# Finding the Freundlich adsorption isotherm from the graph of log(x/m) v/s log(p)

The following problem was asked in JEE Mains 2020 (Sept 2, Shift 1),

The mass of gas adsorbed, $$x$$, per unit mass of adsorbate, $$m$$, was measured at various pressures, $$p$$. A graph between $$\log\frac xm$$ and $$\log p$$ gives a straight line with slope equal to $$2$$ and the intercept equal to $$0.4771$$. The value of $$\frac xm$$ at a pressure of $$\pu{4 atm}$$ is: (Given $$\log 3 = 0.4771$$)

I know the Freundlich adsorption isotherm formula, but I decided to write the equation of given line $$( y = c + mx)$$ as,

$$\log \frac xm = \log 3 + 2\log p$$

So, the relation comes out to be,

$$\frac xm = 3p^2$$

On plugging $$p = 4$$, we get,

$$\frac xm = 3(16) = 48$$

But, the answer was wrong as per the official key, which mostly has genuine answers. Where am I wrong?

6

• $1/n$ lies between 0 and 1.. Commented Sep 8, 2020 at 14:38
• @Safdar: Yes, I'd doubt over this during the exam. But, if I take $n=2$ and then, draw for $\log p$ v/s $\log x/m$, then it goes very complex.
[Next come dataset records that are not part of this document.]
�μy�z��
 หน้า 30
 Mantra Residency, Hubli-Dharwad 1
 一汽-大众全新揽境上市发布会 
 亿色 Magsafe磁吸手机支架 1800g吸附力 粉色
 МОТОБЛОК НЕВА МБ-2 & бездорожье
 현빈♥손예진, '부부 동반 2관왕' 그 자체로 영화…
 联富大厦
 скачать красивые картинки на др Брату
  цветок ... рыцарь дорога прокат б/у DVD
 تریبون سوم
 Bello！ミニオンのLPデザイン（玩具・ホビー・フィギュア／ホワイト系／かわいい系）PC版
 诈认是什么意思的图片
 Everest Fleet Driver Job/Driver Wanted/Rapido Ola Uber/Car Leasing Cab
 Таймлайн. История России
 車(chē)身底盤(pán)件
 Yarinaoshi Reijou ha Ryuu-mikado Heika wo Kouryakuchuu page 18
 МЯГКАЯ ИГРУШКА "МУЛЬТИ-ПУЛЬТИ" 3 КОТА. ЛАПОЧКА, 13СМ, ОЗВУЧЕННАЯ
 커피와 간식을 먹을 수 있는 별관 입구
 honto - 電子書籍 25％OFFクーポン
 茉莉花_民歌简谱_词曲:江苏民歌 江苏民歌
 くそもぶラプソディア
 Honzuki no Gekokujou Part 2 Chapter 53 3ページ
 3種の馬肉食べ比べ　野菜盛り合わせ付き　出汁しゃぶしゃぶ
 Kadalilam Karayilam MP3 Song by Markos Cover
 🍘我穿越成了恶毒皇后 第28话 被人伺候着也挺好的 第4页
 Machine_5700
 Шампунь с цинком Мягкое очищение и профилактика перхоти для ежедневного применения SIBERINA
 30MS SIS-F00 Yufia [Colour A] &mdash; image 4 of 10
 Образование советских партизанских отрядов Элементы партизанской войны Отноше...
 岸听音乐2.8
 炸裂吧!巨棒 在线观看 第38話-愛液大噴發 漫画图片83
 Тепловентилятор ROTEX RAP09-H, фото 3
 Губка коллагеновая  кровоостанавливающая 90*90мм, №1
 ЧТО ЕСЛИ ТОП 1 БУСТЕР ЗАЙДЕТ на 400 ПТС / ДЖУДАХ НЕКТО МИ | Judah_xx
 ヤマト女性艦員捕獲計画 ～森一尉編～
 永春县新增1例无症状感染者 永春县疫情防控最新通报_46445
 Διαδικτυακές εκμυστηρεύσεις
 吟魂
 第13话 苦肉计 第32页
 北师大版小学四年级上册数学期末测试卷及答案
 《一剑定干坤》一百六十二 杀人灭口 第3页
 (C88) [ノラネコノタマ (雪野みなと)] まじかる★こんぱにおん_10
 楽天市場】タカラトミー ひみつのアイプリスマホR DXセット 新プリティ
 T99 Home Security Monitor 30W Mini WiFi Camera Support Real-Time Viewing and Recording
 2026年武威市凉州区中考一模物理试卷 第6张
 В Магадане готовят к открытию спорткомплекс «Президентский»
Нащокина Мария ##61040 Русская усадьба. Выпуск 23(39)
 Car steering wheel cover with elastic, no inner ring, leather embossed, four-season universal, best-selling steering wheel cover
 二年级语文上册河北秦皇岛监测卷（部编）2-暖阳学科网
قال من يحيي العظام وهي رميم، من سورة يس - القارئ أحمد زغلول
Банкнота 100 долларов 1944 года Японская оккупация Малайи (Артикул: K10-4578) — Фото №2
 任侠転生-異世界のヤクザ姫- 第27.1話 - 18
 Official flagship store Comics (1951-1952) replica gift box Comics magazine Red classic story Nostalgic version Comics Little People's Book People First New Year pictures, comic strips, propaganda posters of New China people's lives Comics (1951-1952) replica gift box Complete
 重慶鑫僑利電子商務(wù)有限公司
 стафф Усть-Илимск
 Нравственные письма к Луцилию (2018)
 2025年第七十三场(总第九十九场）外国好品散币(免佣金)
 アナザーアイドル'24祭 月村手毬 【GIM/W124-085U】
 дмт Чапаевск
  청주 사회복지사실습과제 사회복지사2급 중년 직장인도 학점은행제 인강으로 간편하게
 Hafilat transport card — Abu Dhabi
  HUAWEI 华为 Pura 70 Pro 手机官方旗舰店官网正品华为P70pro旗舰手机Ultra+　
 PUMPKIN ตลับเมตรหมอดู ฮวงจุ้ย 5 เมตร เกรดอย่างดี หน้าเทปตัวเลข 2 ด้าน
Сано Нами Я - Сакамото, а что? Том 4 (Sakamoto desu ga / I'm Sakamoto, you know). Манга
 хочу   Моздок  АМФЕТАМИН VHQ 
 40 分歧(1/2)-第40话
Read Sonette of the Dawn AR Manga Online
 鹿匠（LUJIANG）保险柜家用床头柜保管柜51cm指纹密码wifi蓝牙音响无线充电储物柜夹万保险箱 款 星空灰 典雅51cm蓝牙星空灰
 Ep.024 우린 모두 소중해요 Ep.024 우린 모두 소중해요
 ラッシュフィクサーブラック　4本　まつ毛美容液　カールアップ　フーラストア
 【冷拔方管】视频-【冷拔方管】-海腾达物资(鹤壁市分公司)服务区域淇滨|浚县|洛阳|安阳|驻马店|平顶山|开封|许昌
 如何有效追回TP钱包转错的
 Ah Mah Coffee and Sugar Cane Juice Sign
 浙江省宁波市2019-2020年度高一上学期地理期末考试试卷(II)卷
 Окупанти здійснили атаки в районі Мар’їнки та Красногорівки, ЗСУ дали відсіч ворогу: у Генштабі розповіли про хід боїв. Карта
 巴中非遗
Commented Sep 8, 2020 at 14:41
• I think the question has a mistake. You should take $n=2$ then equation is: $$\log \frac{x}{m} = \log 3 + \frac{1}{n} \log p$$ and you got the given answer. Commented Sep 8, 2020 at 15:20
• @MathewMahindaratne, Great, I never thought that. Actually, I have to challenge the given key, that's why I asked. Thanks for pointing this thing :) Commented Sep 8, 2020 at 15:30

One version of Freundlich adsorption isotherm equation is: $$\frac xm = Kp^{\frac12},$$ which can also be written as: $$\log \frac xm = \log K + \frac12\log p$$ This is a straight line equation of type $$( y = c + mx)$$ as given in the question. However, I think the question has made a mistake saying the slope is $$2$$, but instead it should be $$\frac12$$. Accordingly, the equation with given numeric values should be:

$$\log \frac xm = \log 3 + \frac12\log p$$

Or without logarithm:

$$\frac xm = 3p^\frac12$$

On plugging $$p = 4$$, You'll get:

$$\frac xm = 3 \times 4^\frac12 = 3 \times 2 = 6$$

Hence, you get the given answer.